(Dataset records)
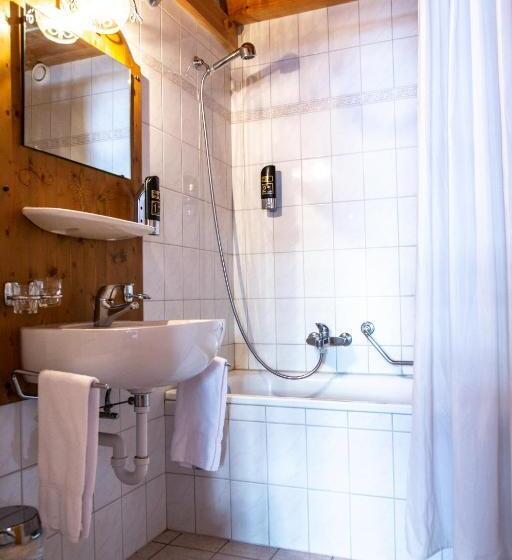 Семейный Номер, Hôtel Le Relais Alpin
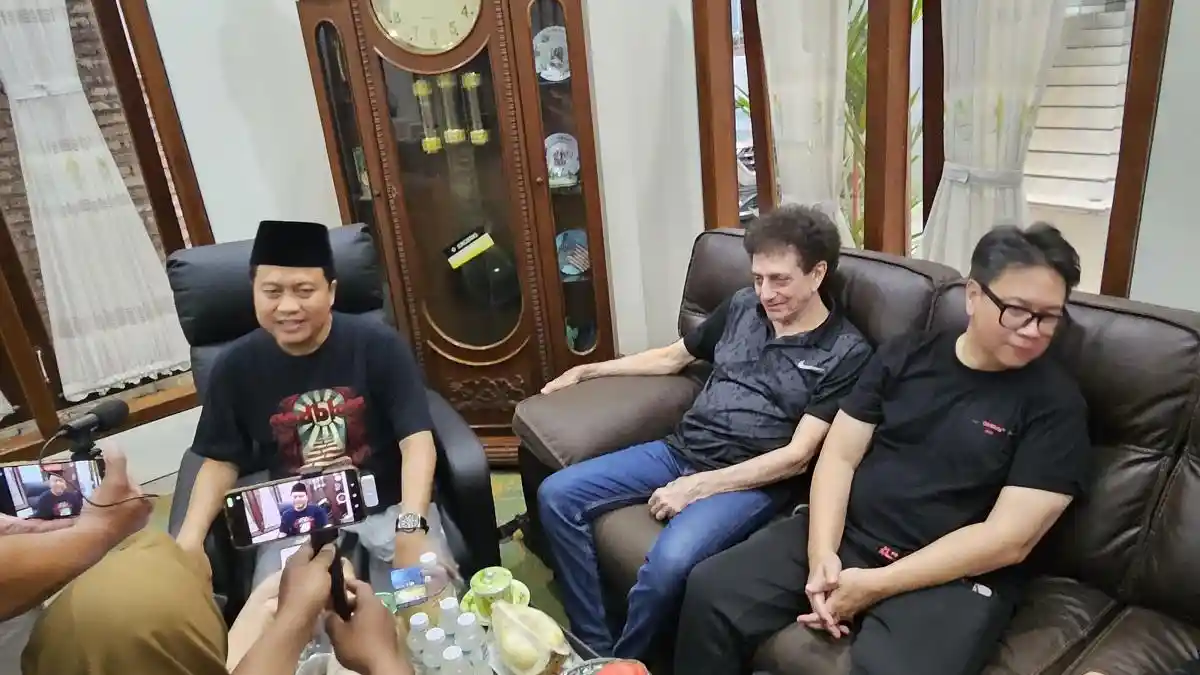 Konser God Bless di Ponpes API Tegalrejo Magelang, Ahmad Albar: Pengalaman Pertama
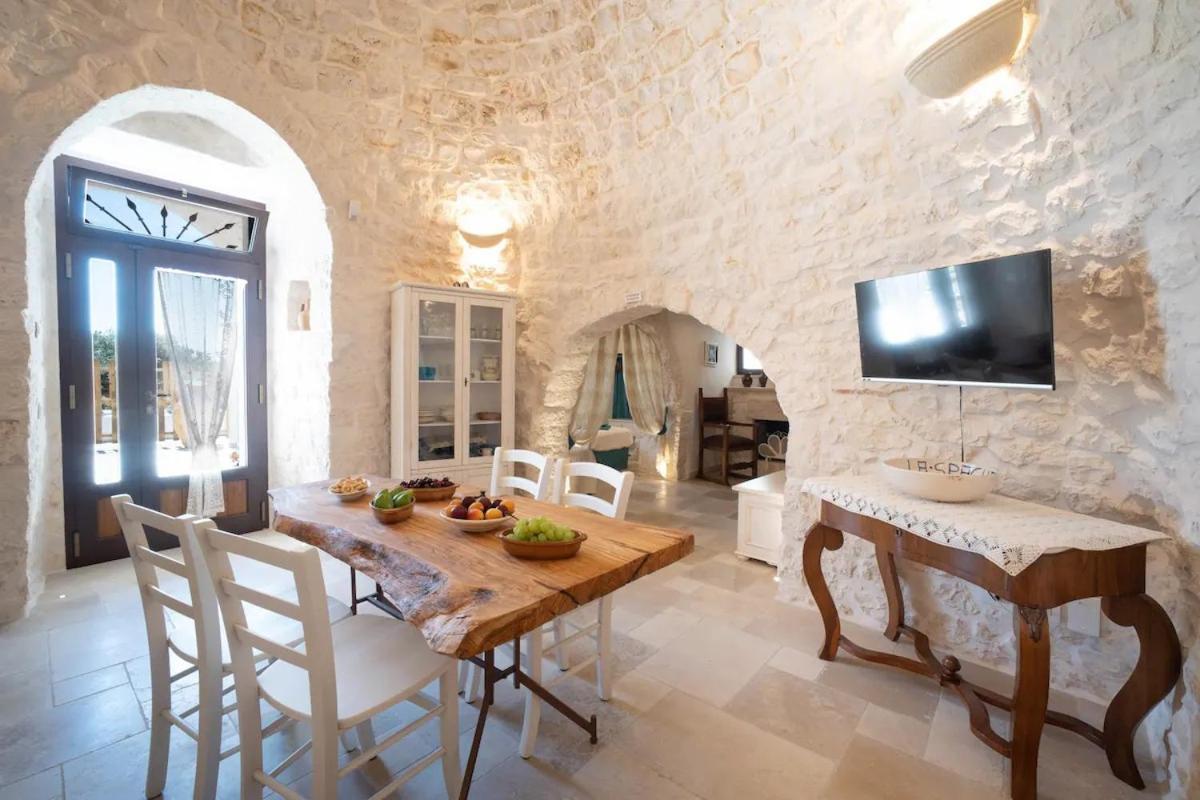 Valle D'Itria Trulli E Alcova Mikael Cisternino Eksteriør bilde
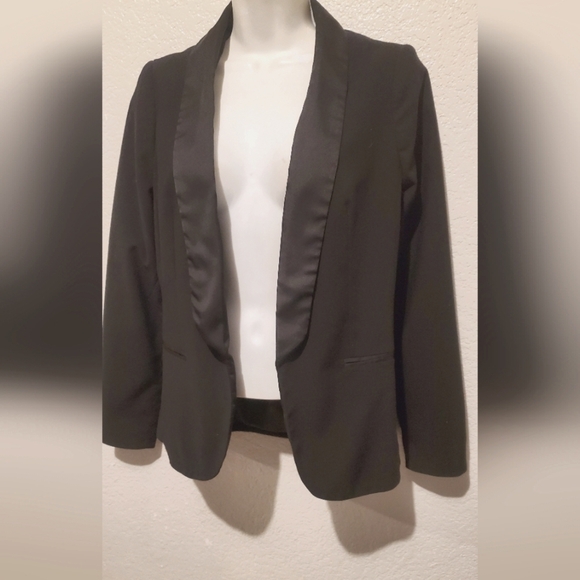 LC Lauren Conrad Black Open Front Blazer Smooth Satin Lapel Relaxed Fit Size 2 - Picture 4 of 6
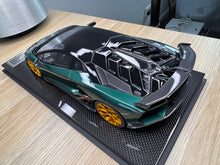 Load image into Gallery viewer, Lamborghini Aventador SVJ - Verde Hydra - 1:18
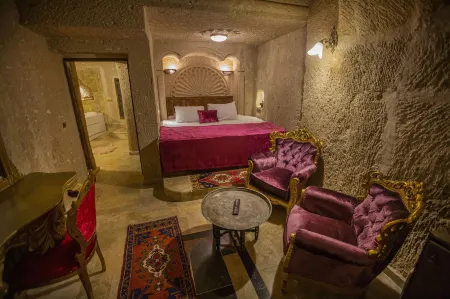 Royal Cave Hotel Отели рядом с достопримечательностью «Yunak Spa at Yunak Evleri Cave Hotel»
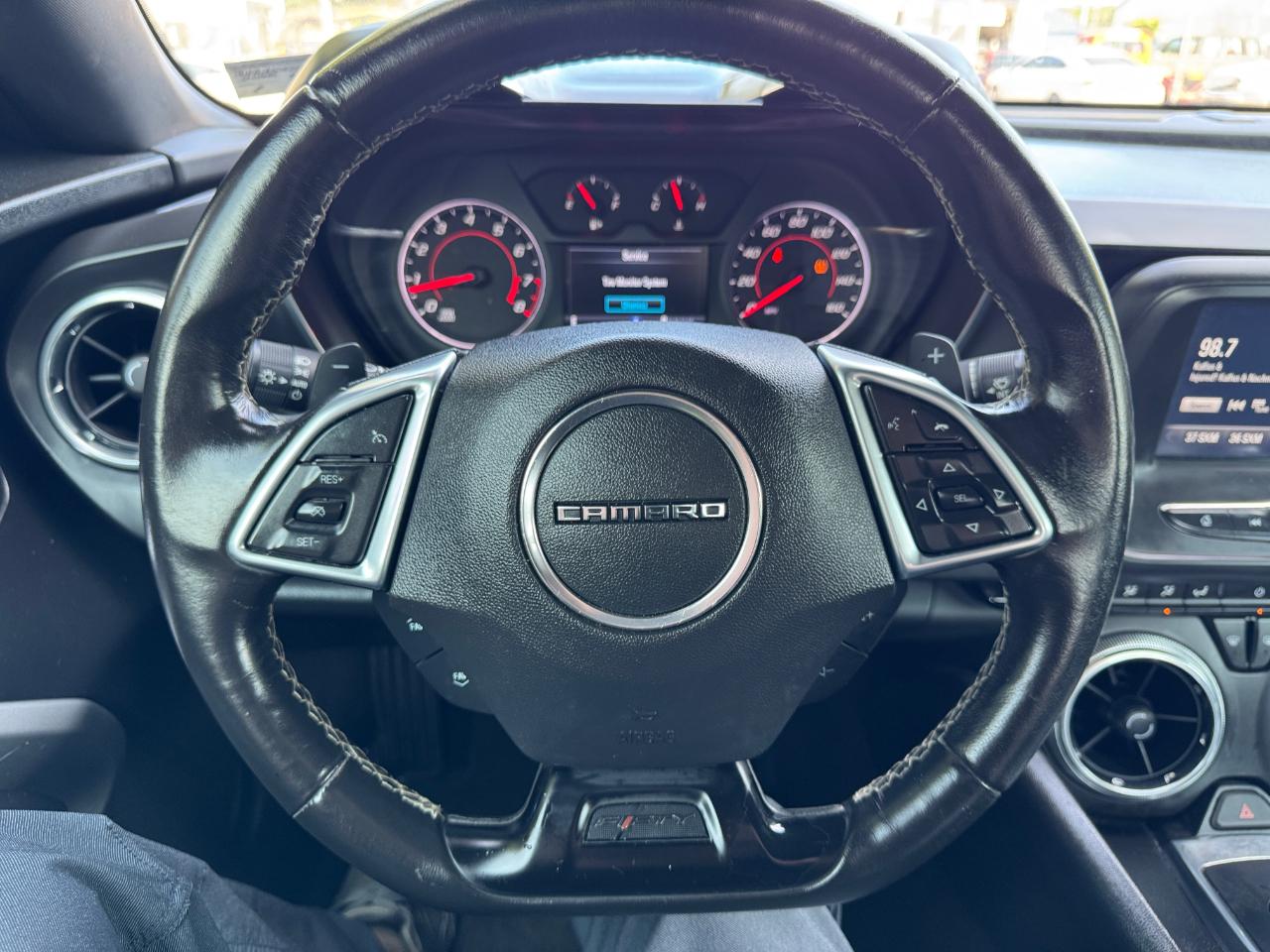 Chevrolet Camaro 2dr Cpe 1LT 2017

WORK REQUIRED
From the records given above, reproduce all text exactly and exclude each picture.

TASK SOLUTION
 Семейный Номер, Hôtel Le Relais Alpin
 Konser God Bless di Ponpes API Tegalrejo Magelang, Ahmad Albar: Pengalaman Pertama
 Valle D'Itria Trulli E Alcova Mikael Cisternino Eksteriør bilde
 LC Lauren Conrad Black Open Front Blazer Smooth Satin Lapel Relaxed Fit Size 2 - Picture 4 of 6
 Load image into Gallery viewer, Lamborghini Aventador SVJ - Verde Hydra - 1:18
 Royal Cave Hotel Отели рядом с достопримечательностью «Yunak Spa at Yunak Evleri Cave Hotel»
 Chevrolet Camaro 2dr Cpe 1LT 2017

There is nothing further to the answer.